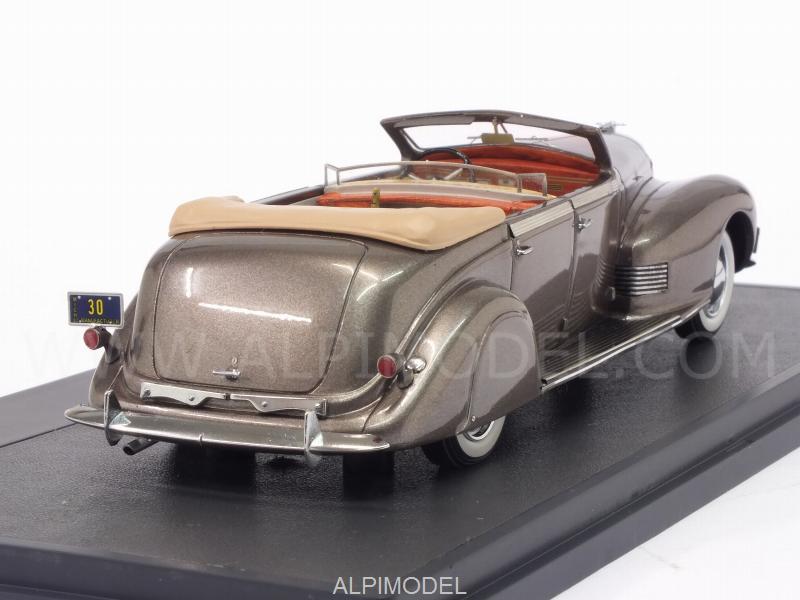 Lincoln Model K Le Baron Convertible Sedan 1938 (Grey Metallic/Beige) - matrix-models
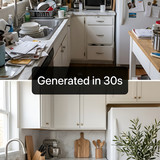 Kitchen decluttered aesthetic decor 202607102336 x4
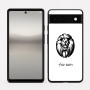 כיסוי בעיצוב אישי עם השם שלך לדגם - Google Pixel 6a 5G בעיצוב פני אריה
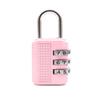Lock 3 Dial Digit Password Lock Dormitory Cabinet  Lock Backpack Zipper Lock Luggage Padlock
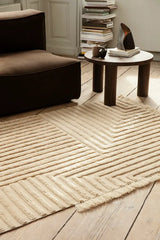 Crease Wool Rug, Light Sand fra Ferm Living - 4 - Jacobsen Plus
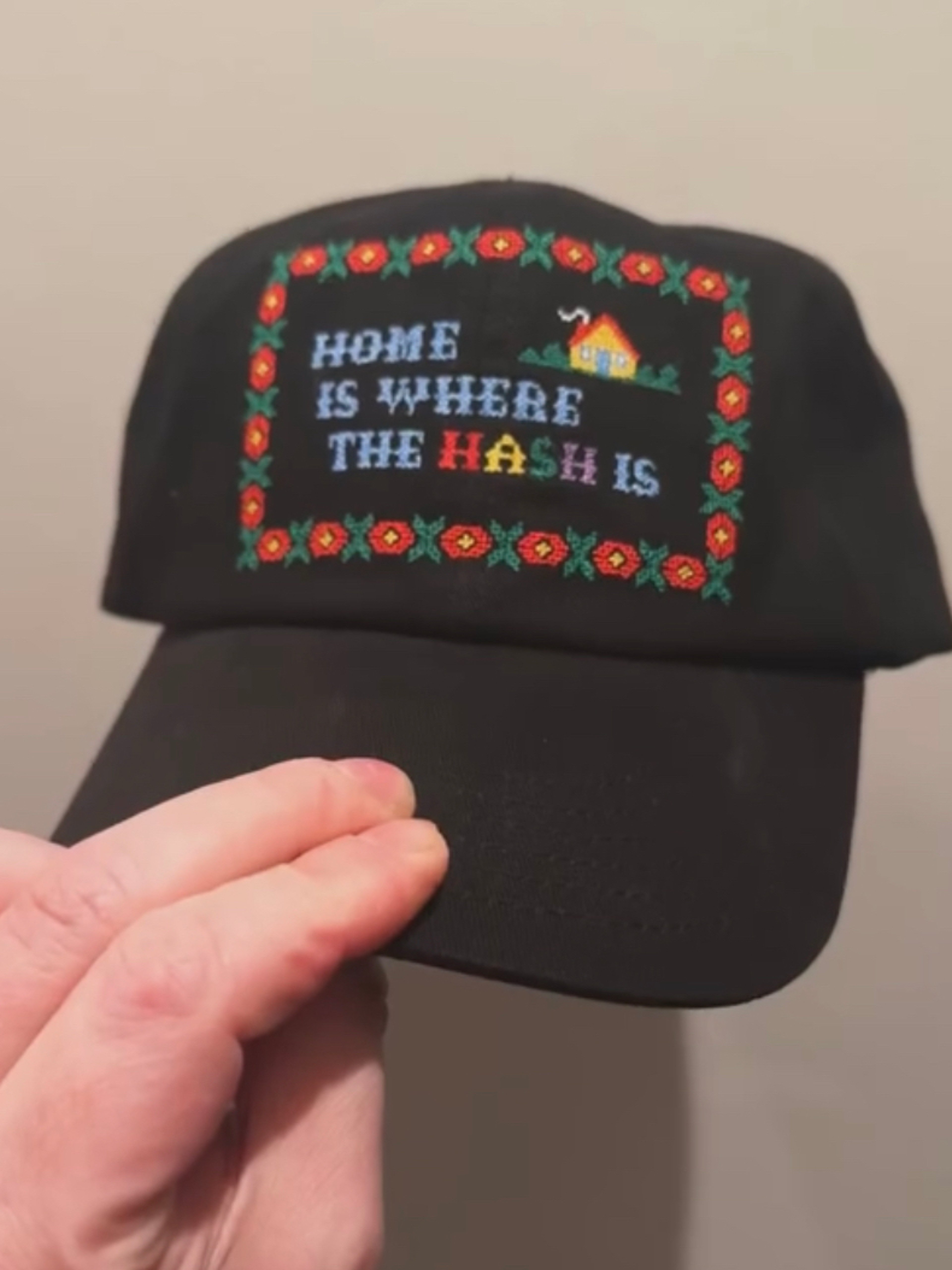 Preview pic of Gz1 Whatever Forever, “Home is where the hash is” limited release hat.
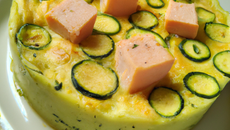 Flan de courgette au saumon fume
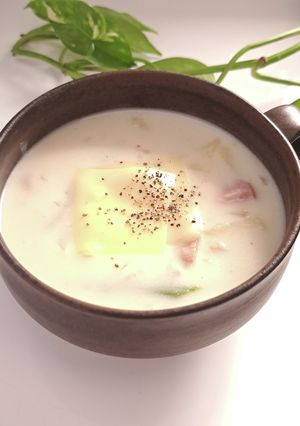アスパラとベーコンのクリィミースープ☆-レシピのメイン写真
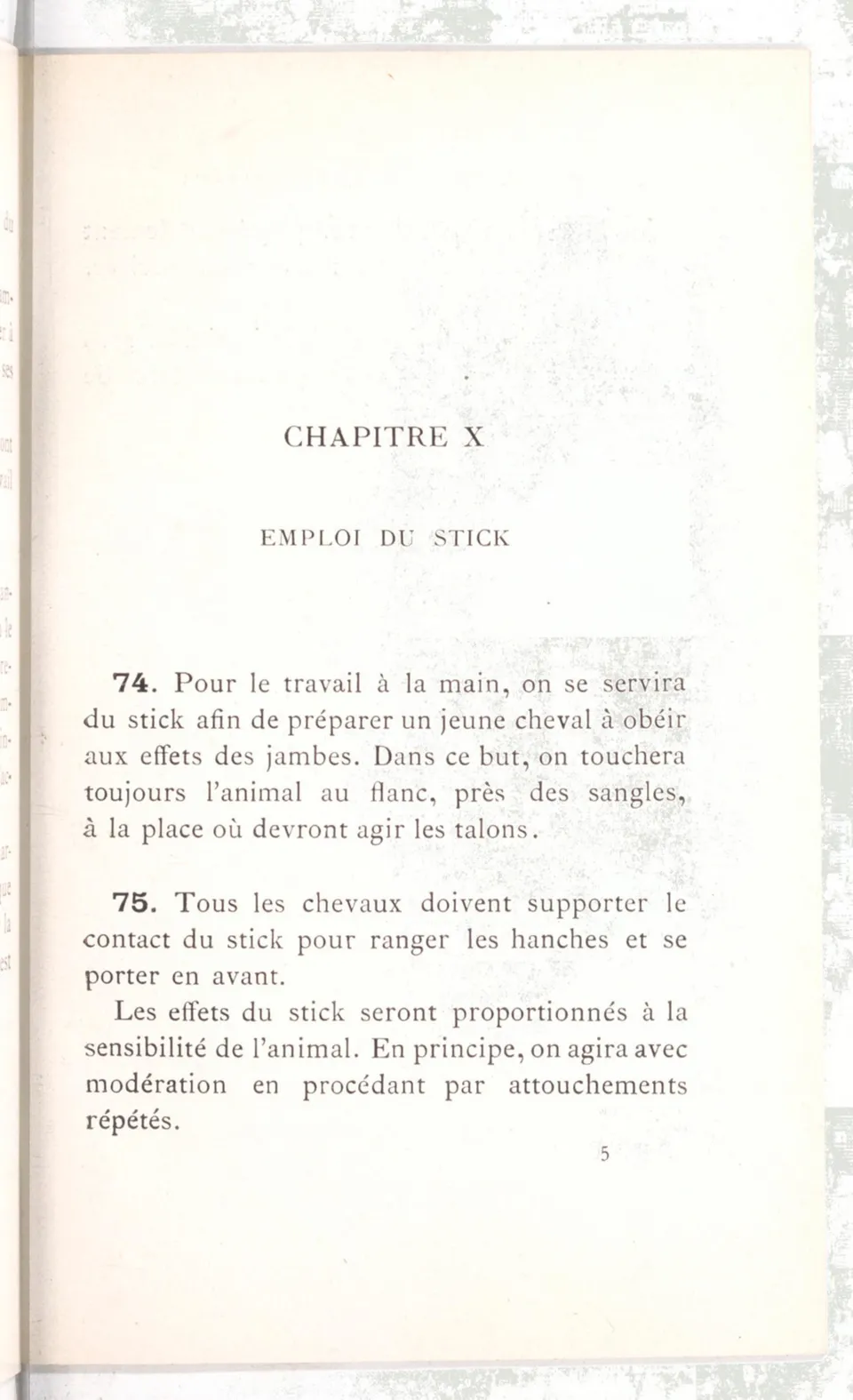 Règlement pour le dressage du cheval d'armes : établi en 1908 par la Commission de l'Ecole d'application de cavalerie des officiers à Saint-Pétersbourg, скан 64 из 175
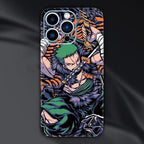 Film arrière de téléphone portable Luffy/Ace/Zoro iPhone, autocollant avec beau motif
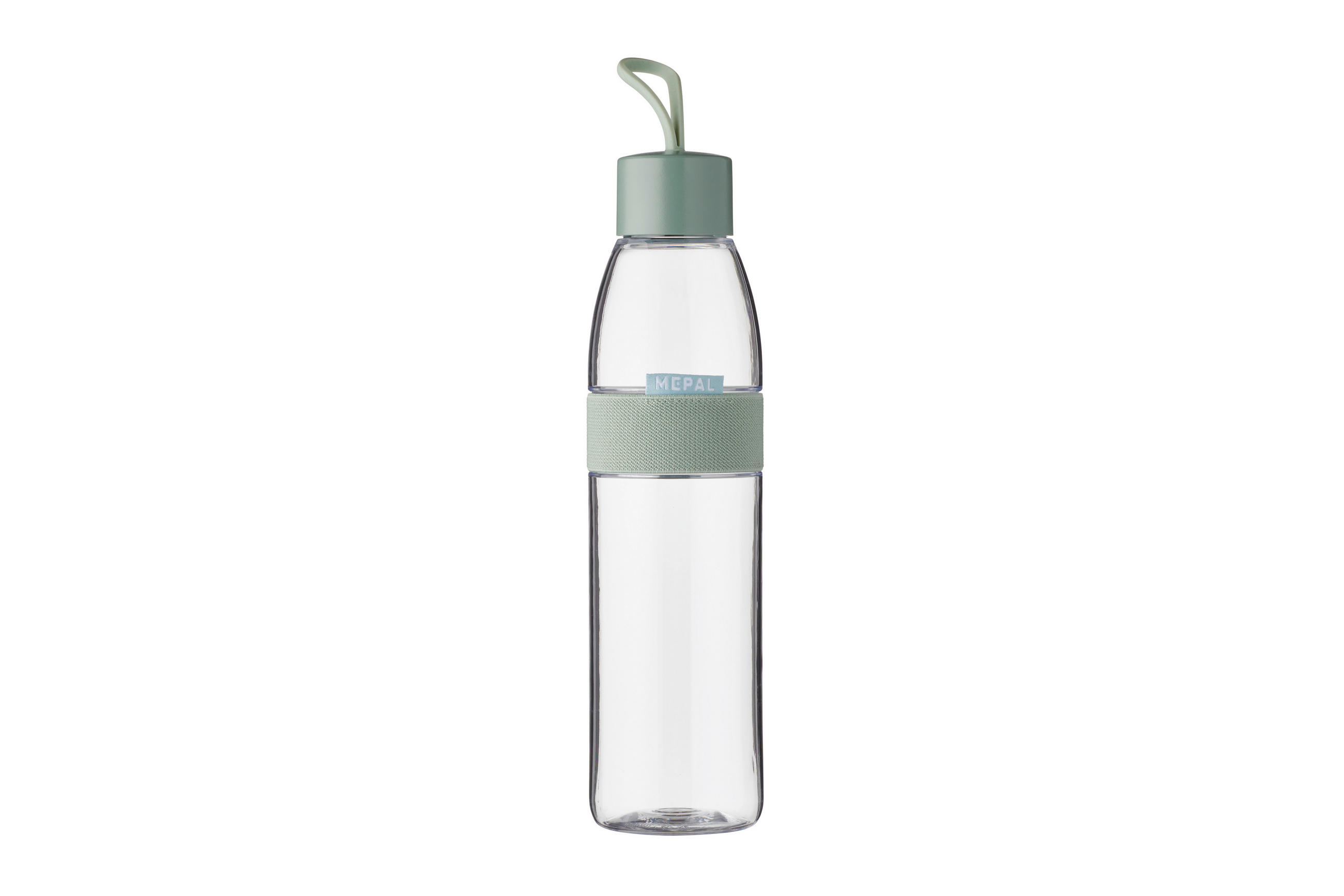 UNIVERSALFLASCHE ELLIPSE  - Transparent/Salbeigrün, KONVENTIONELL, Kunststoff (0,7l) - Mepal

PROBLEM DESCRIPTION →
Extract only the lines from the line containing "כיסוי בעיצוב אישי" through the final line of the records; keep both ends and drop every picture.

OUTPUT FOR THIS EXERCISE →
 כיסוי בעיצוב אישי עם השם שלך לדגם - Google Pixel 6a 5G בעיצוב פני אריה
Lock 3 Dial Digit Password Lock Dormitory Cabinet  Lock Backpack Zipper Lock Luggage Padlock
 Crease Wool Rug, Light Sand fra Ferm Living - 4 - Jacobsen Plus
 Preview pic of Gz1 Whatever Forever, “Home is where the hash is” limited release hat.
 Flan de courgette au saumon fume
アスパラとベーコンのクリィミースープ☆-レシピのメイン写真
 Règlement pour le dressage du cheval d'armes : établi en 1908 par la Commission de l'Ecole d'application de cavalerie des officiers à Saint-Pétersbourg, скан 64 из 175
 Film arrière de téléphone portable Luffy/Ace/Zoro iPhone, autocollant avec beau motif
 UNIVERSALFLASCHE ELLIPSE  - Transparent/Salbeigrün, KONVENTIONELL, Kunststoff (0,7l) - Mepal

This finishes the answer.